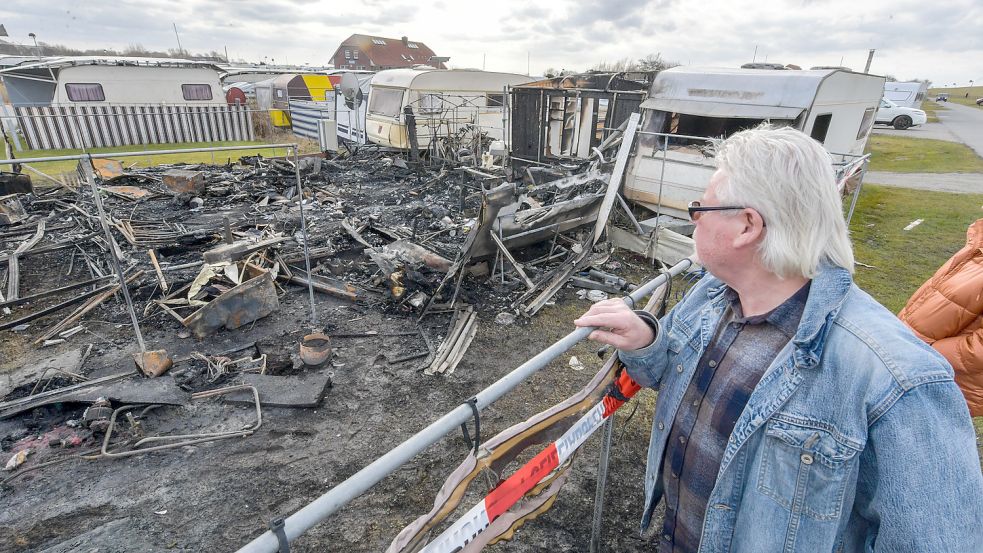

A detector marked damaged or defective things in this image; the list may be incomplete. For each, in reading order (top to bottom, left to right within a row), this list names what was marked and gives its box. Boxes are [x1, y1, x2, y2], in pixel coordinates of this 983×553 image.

damaged trailer [366, 69, 536, 151]
damaged trailer [512, 70, 656, 164]
damaged trailer [628, 67, 888, 218]
fire damage [0, 126, 684, 548]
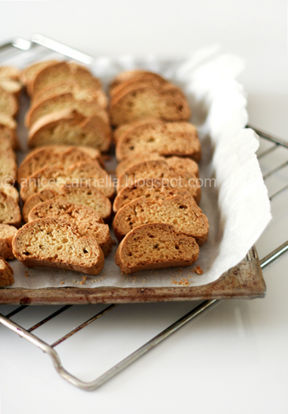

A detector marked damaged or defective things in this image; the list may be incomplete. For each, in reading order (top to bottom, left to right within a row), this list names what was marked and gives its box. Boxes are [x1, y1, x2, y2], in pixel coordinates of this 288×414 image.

rusted tray edge [0, 247, 266, 306]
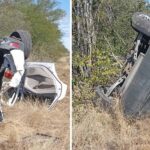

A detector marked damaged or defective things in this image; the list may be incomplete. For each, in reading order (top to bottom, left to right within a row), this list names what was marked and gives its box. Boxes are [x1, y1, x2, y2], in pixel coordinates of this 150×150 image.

overturned white vehicle [0, 29, 67, 121]
overturned black vehicle [96, 12, 150, 117]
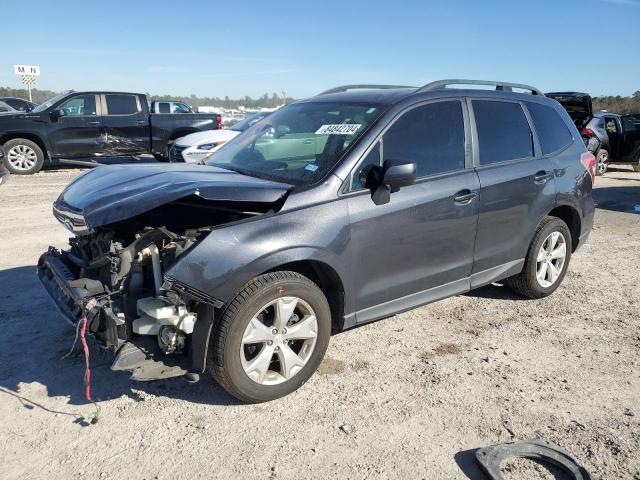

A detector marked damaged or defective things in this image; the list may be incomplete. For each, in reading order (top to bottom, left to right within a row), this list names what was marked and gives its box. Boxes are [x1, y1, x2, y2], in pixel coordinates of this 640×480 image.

dented hood [53, 163, 292, 229]
car body panel damage [53, 162, 292, 232]
damaged gray suv [38, 80, 596, 404]
broken plastic part [472, 440, 592, 478]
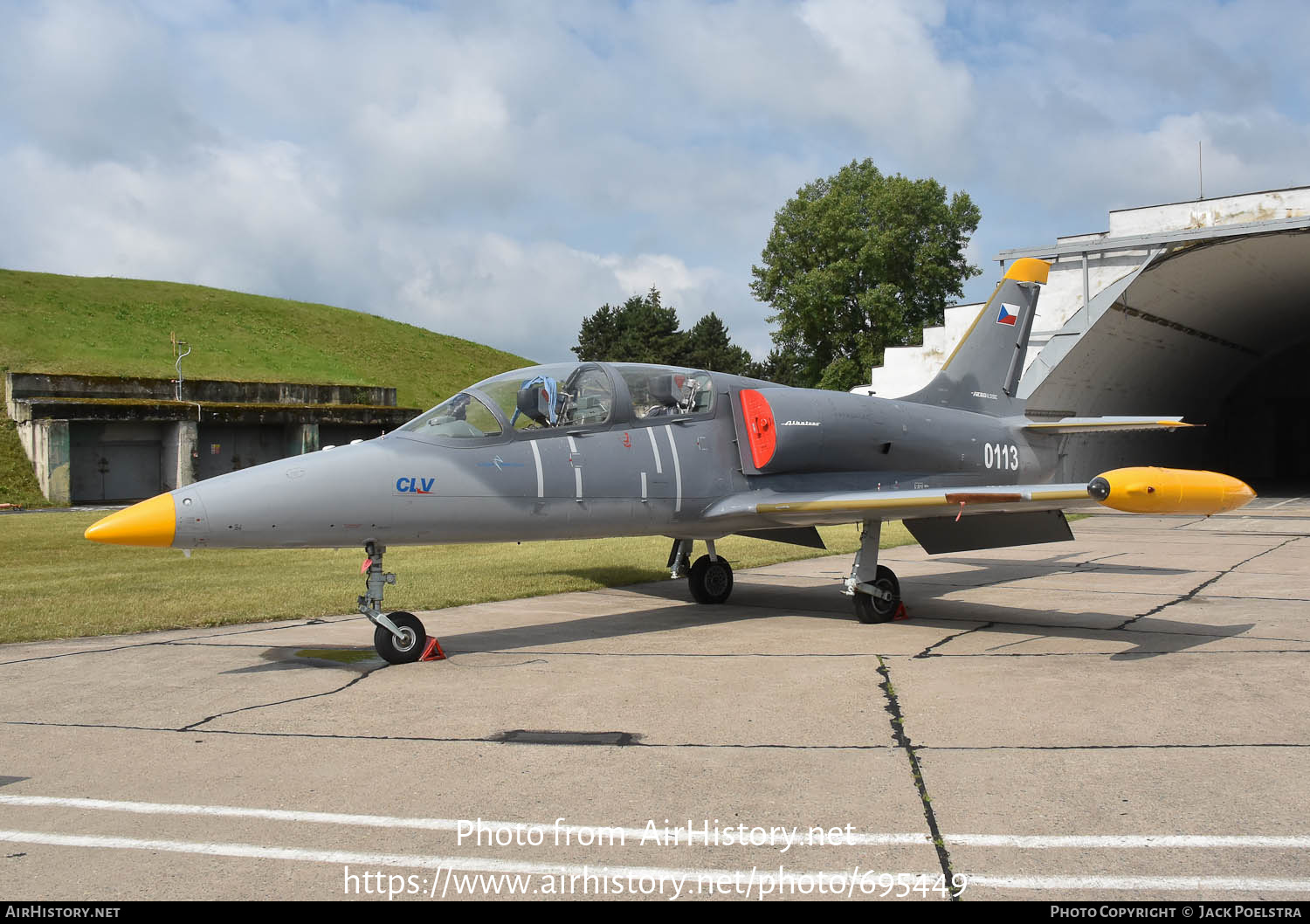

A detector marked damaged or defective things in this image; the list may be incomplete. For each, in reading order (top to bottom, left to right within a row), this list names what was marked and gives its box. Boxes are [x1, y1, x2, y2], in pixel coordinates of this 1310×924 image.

crack in concrete [1116, 537, 1300, 631]
crack in concrete [875, 655, 959, 901]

# WHAT IS EXPECTED
Set out, exactly as given, the line that contains "this 288×414 image." along with each line after it through the end of the records above; omit the pictures.

# PROBLEM SOLUTION
A detector marked damaged or defective things in this image; the list may be incomplete. For each, in reading order (top to bottom, left to right within a row), this list names what was marked and gives its box. Boxes are [x1, y1, x2, y2], in pixel coordinates of this 288×414 image.

rusted tray edge [0, 247, 266, 306]

A detector marked damaged or defective things in this image; the list may be incomplete. For each, in reading order (top to bottom, left to right within a row), this list names what was marked and gives its box. Boxes are [x1, y1, x2, y2], in pixel coordinates of this 150×150 image.

overturned white vehicle [0, 29, 67, 121]
overturned black vehicle [96, 12, 150, 117]

A detector marked damaged or defective things in this image; the list may be incomplete. For each, in reading order (top to bottom, left to right within a row), this list names what was marked and gives its box. Boxes are [x1, y1, x2, y2], in pixel coordinates of this 640×480 image.

dented hood [53, 163, 292, 229]
car body panel damage [53, 162, 292, 232]
damaged gray suv [38, 80, 596, 404]
broken plastic part [472, 440, 592, 478]

A detector marked damaged or defective things in this image; the list may be incomplete. For each, in reading order (top to bottom, left to right within a row), this list names what was marked and gives its box. Boxes are [x1, y1, x2, y2], in pixel coordinates of this 1310×924 image.

crack in concrete [1116, 537, 1300, 631]
crack in concrete [875, 655, 959, 901]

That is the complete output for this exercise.